What to produce >> The lines to retype run from the one containing "Tỏi Phan Rang" through the end of the listing below. Reproduce them exactly, leaving out pictures.
** Information supplied follows **
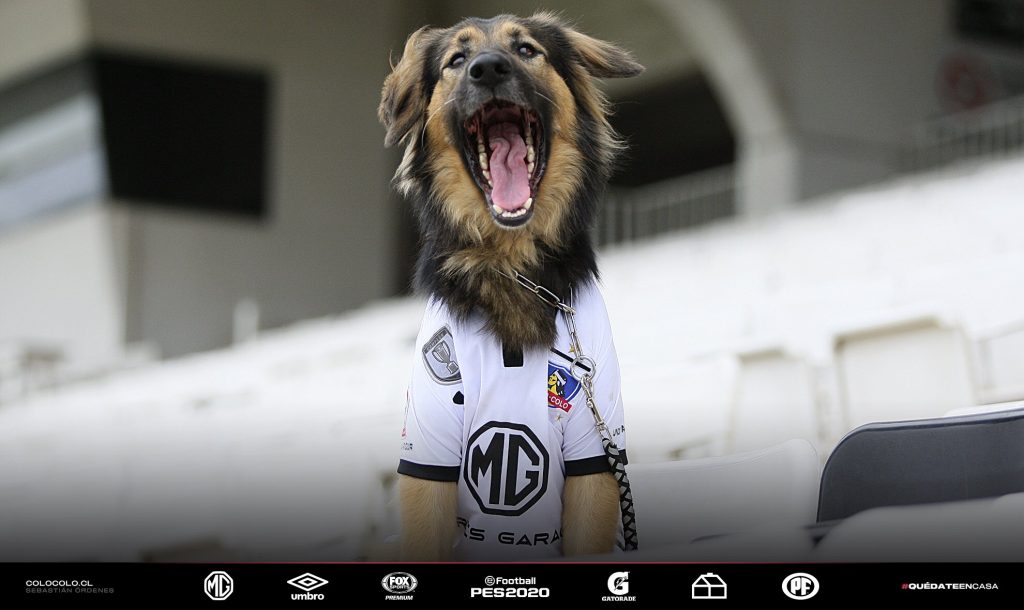 capitan colo colo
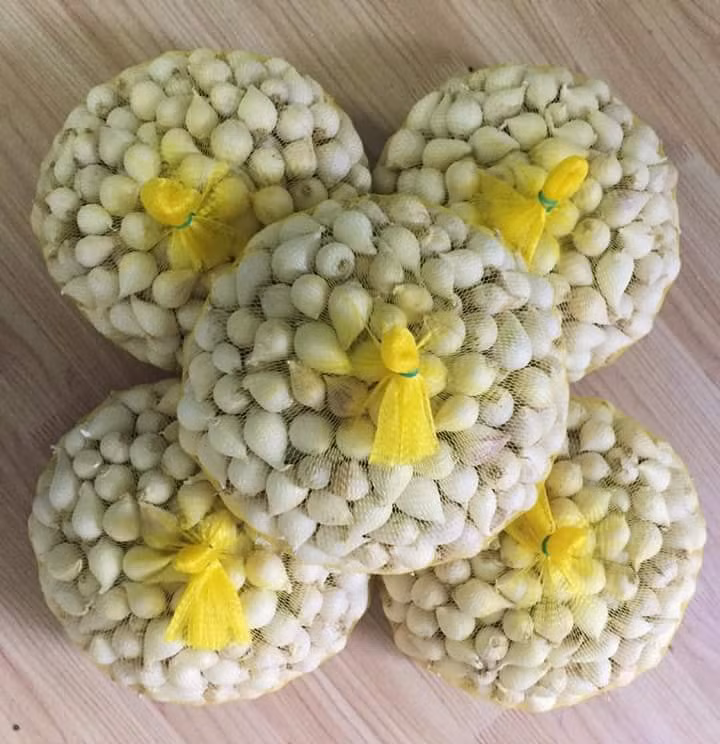 Tỏi Phan Rang thường được thương lái nhập để làm nguyên liệu ủ tỏi đen. Ảnh: FB Dặc sản Phan Rang.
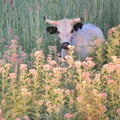 clarythevegetable @clarythevegetable profile image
** End of Information supplied **
Written solution >>
 Tỏi Phan Rang thường được thương lái nhập để làm nguyên liệu ủ tỏi đen. Ảnh: FB Dặc sản Phan Rang.
 clarythevegetable @clarythevegetable profile image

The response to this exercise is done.